Just out of town lies a 1907 brewery wedged into the side of a hill that portrays the history of Sandstone in one single location. It's a natural cave with a man-sized vent through the roof where the brewing water was pumped. Below the beer was brewed and kept in the naturally cool environment of the cavern before being loaded out of the arched cave mouth to wagons or thirsty prospectors. The whole setup is indicative of the ingenuity and inventiveness of the type of pioneers who approached a new and harsh landscape with a willingness to adapt to the prevailing conditions. The place is the old Sandstone Brewery which serviced the West Australian town and the inhabitants until the gold and opportunities ran out.
The history of the settlement is little different than that of many gold rush towns in the Murchison region. A discovery in 1894 which was followed by a boom of 6000 - 8000 residents. 1907 saw a thriving metropolis with four hotels, two banks, a government battery, police station, four butchers and a host of cafes and stores. A dam had been built and the railway arrived in 1910. Within ten years with the gold dwindling and the war in Europe underway, Sandstone could claim a mere 200 residents.
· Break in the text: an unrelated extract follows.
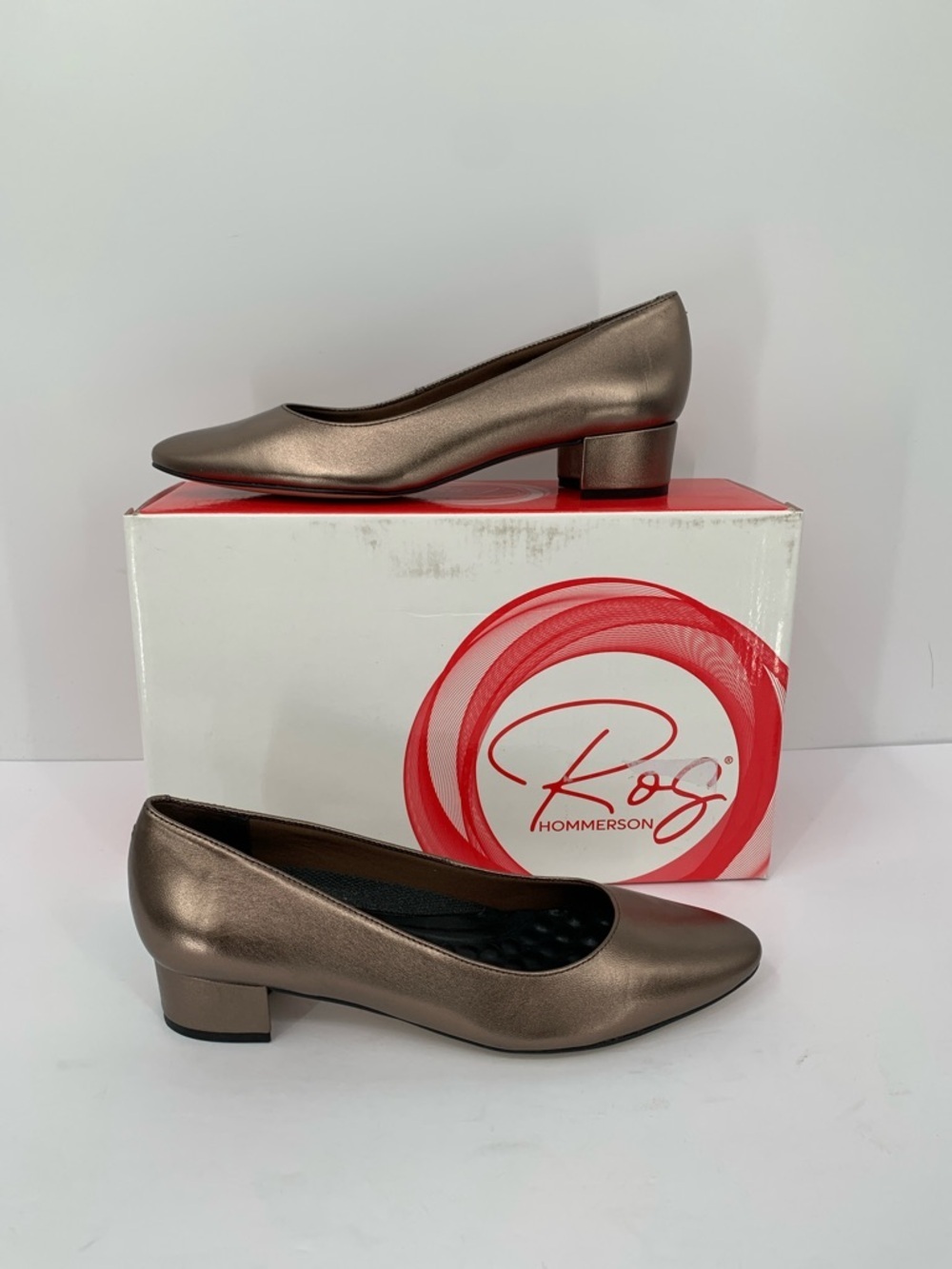 Ros Hommerson Heidi II pump shoe bronze metallic leather new 7.5 NARROW 7.5N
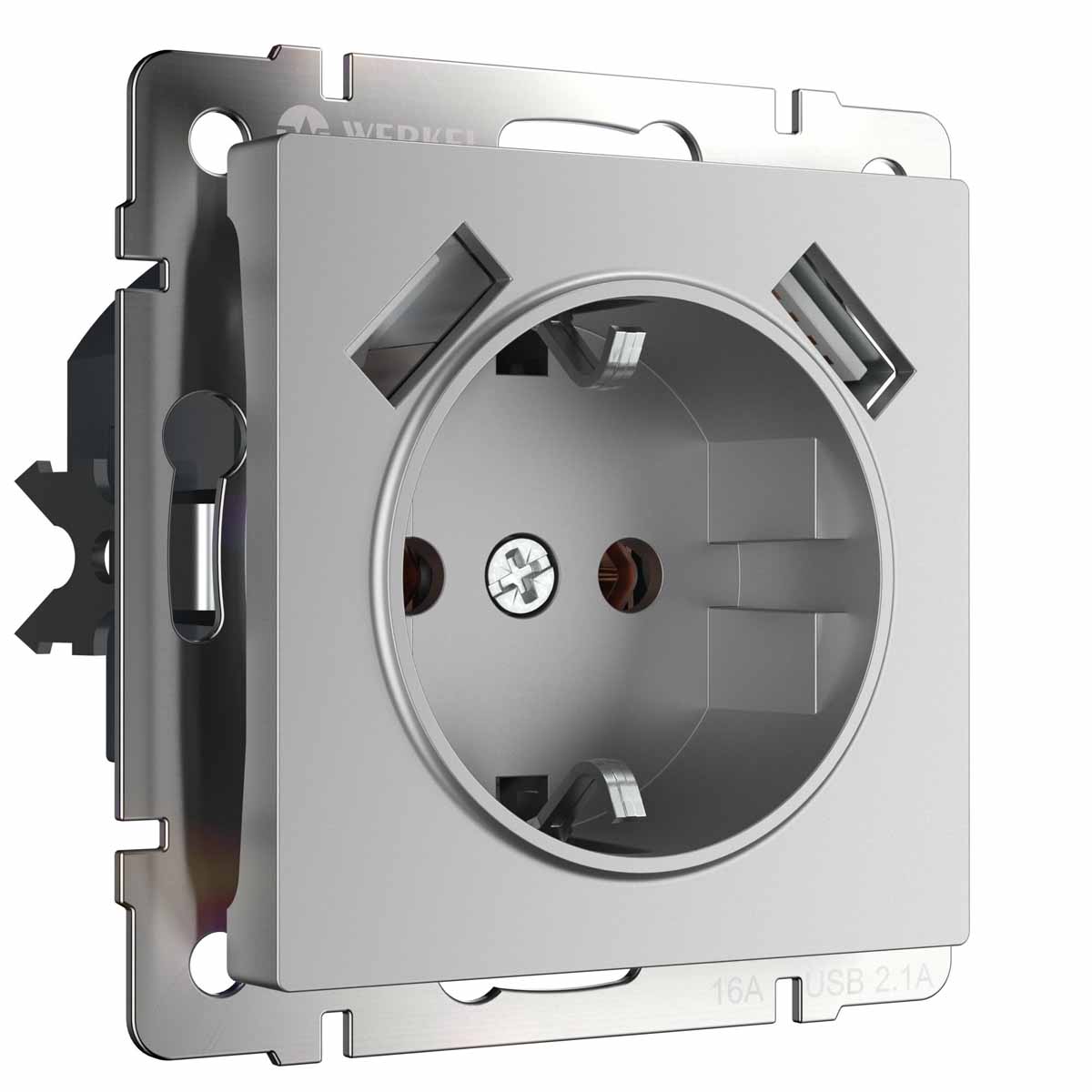 

Розетка Werkel с заземлением, шторками и USBх2 серебряная W1171506 4690389156458, Серебро, 4690389156458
On our last visit to sandstone we encountered an 80 year old prospector who had lived in the town longer than most of us have been alive. He was engaged in a serious conversation with the 20 something Irish barmaid who was fulfilling her visa requirements. In Australia eligible tourists can extend their visa for an additional year by working in a rural or outback location for 3 months. It was a Saturday night and they were heading out the next day to go prospecting (her one day off work). The old boy had obviously latched onto a reliable finger of gold ore years before and they were going out to chip away at it. Tools consisted of a generator, small jackhammer and a bucket. He guaranteed her enough gold to pay rent, party, smoke and eat for a month, citing the fact that he had been working this vein for years and it was his retirement fund. When he needed a beer he went and retrieved a bucket of rubble - he just needed someone to do the heavy lifting. And this is the essence of Sandstone - a pinch of luck and plenty of hard digging.
Sandstone was given it's name because of the local geology and the area has many rock formations and 'breakaways' the most interesting being London Bridge, just out of town and not far from the old brewery.
The wide open flats make for big, intensely blue skies accompanied by stunning sunsets which contrast against the red landscape.